## [DESCRIPTION OF THE TASK]
While leaving the pictures out, set down only the lines from the one with "this 1162×720 image." through the end of the records, exactly as they stand.

########################################

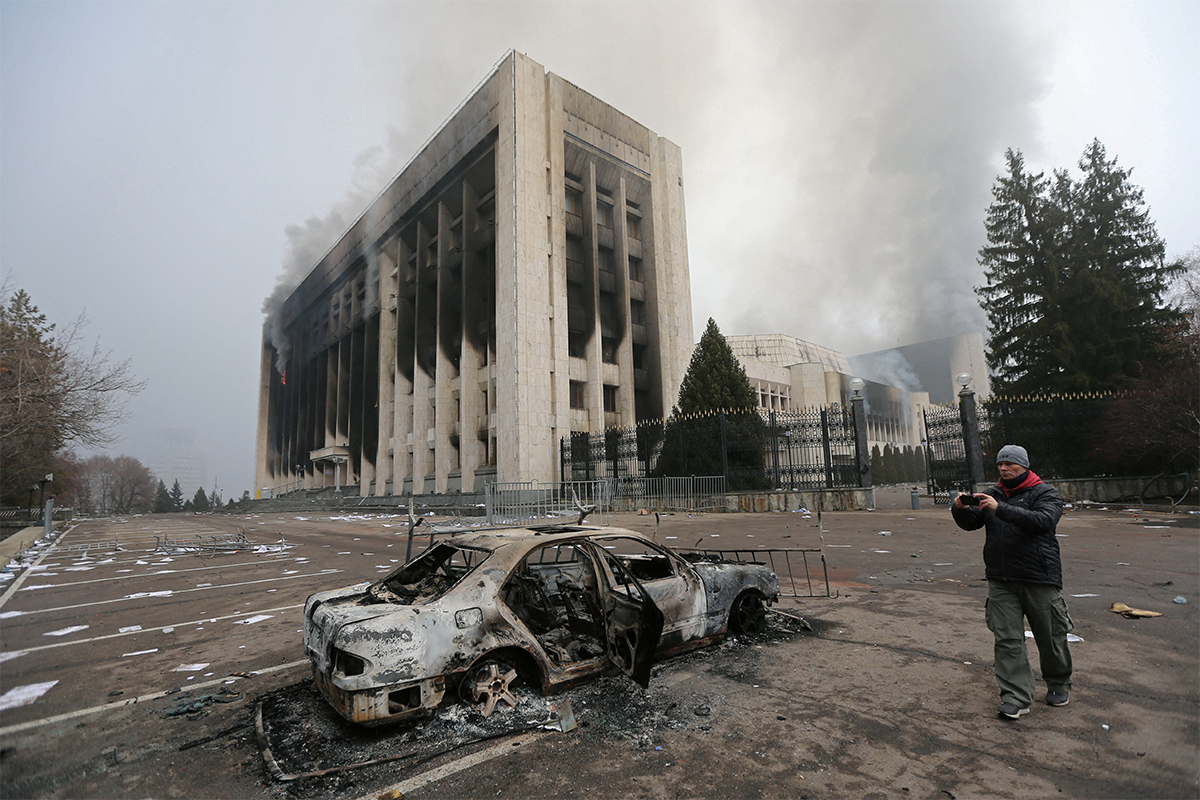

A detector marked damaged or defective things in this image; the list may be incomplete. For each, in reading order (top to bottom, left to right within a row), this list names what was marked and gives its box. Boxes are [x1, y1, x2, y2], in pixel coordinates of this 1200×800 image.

burned car [302, 525, 777, 724]
charred car body [304, 525, 782, 724]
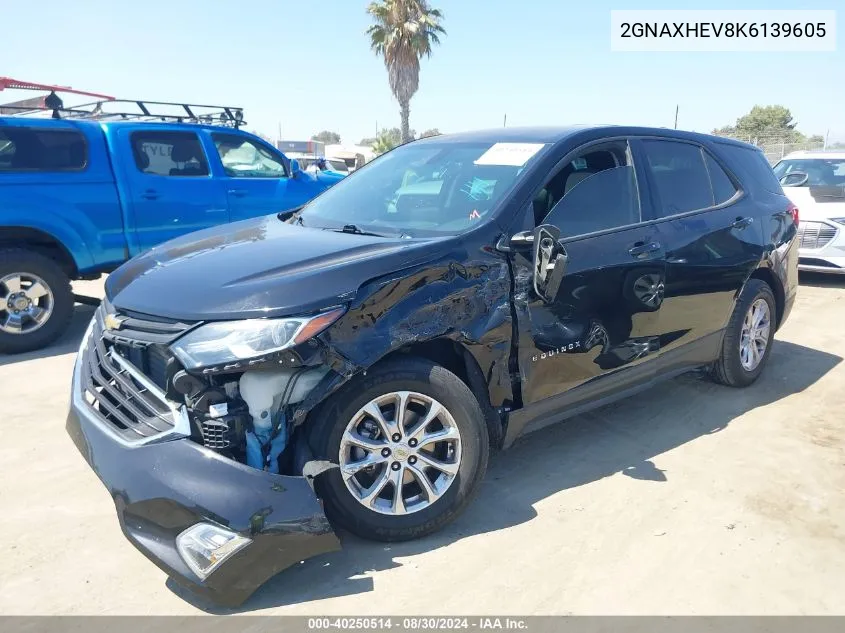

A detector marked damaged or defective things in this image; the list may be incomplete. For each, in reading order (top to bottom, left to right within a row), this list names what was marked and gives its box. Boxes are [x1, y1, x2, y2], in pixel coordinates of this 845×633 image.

crumpled hood [108, 216, 452, 320]
broken headlight [170, 308, 344, 370]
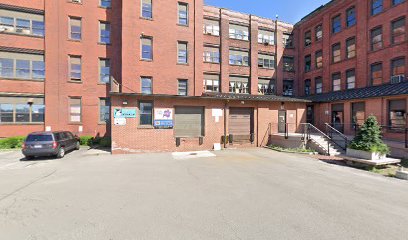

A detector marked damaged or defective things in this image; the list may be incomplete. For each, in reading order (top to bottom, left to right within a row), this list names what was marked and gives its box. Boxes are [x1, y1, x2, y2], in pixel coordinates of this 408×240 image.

pavement crack [0, 170, 56, 203]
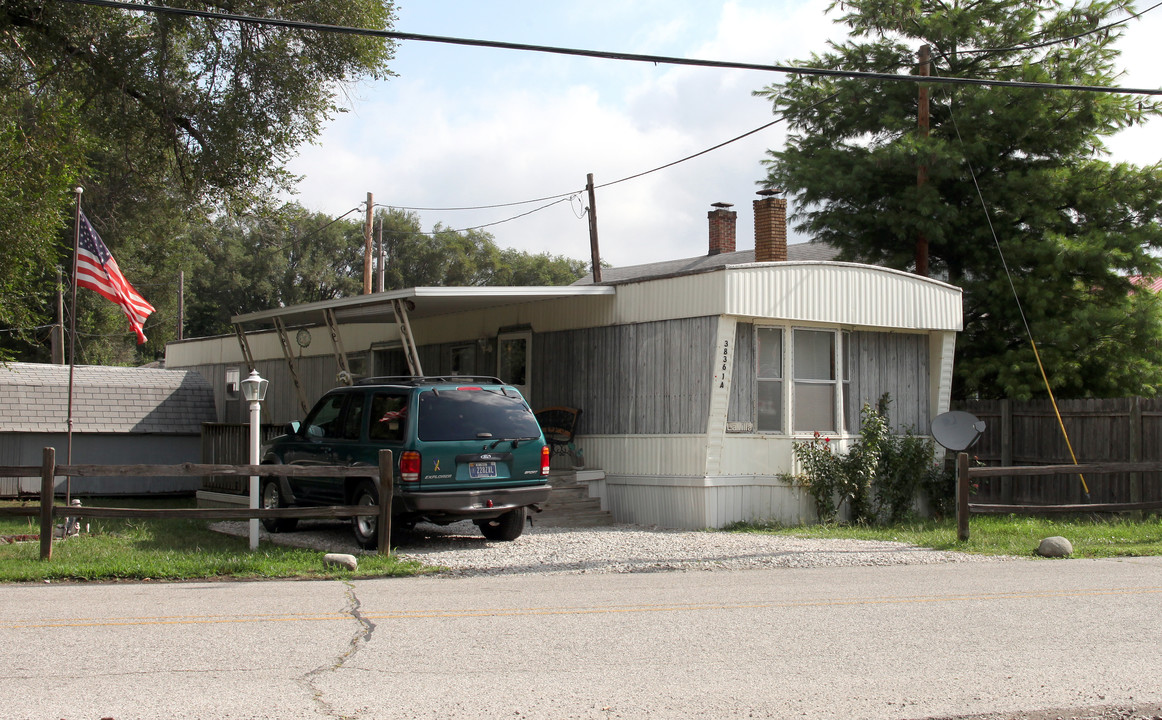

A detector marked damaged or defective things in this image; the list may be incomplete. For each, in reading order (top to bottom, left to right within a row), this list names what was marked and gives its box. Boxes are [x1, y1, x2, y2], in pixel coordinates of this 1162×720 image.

cracked asphalt road [2, 556, 1160, 716]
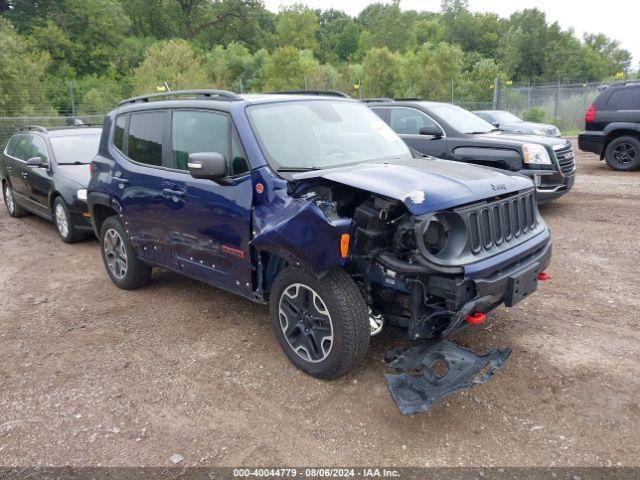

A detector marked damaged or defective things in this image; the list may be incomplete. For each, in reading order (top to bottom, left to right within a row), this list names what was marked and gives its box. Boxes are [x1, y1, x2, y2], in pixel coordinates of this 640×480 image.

crumpled hood [55, 165, 91, 188]
crumpled hood [292, 158, 532, 214]
damaged jeep renegade [87, 90, 552, 386]
detached bumper piece [382, 340, 512, 414]
crushed front fender [382, 340, 512, 414]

########################################

## [SOLUTION TO THIS PROBLEM]
A detector marked damaged or defective things in this image; the list may be incomplete. For each, in reading order (top to bottom, left to right within a row), this list names what was marked and gives its box. Boxes are [x1, y1, x2, y2], in pixel coordinates of this 1162×720 image.

cracked asphalt road [2, 556, 1160, 716]

A detector marked damaged or defective things in this image; the list may be incomplete. For each, in reading order (top to bottom, left to right within a row), this list names what was marked and gives its box. Boxes are [x1, y1, x2, y2], in pixel coordinates of this 640×480 image.

crumpled hood [55, 165, 91, 188]
crumpled hood [292, 158, 532, 214]
damaged jeep renegade [87, 90, 552, 386]
detached bumper piece [382, 340, 512, 414]
crushed front fender [382, 340, 512, 414]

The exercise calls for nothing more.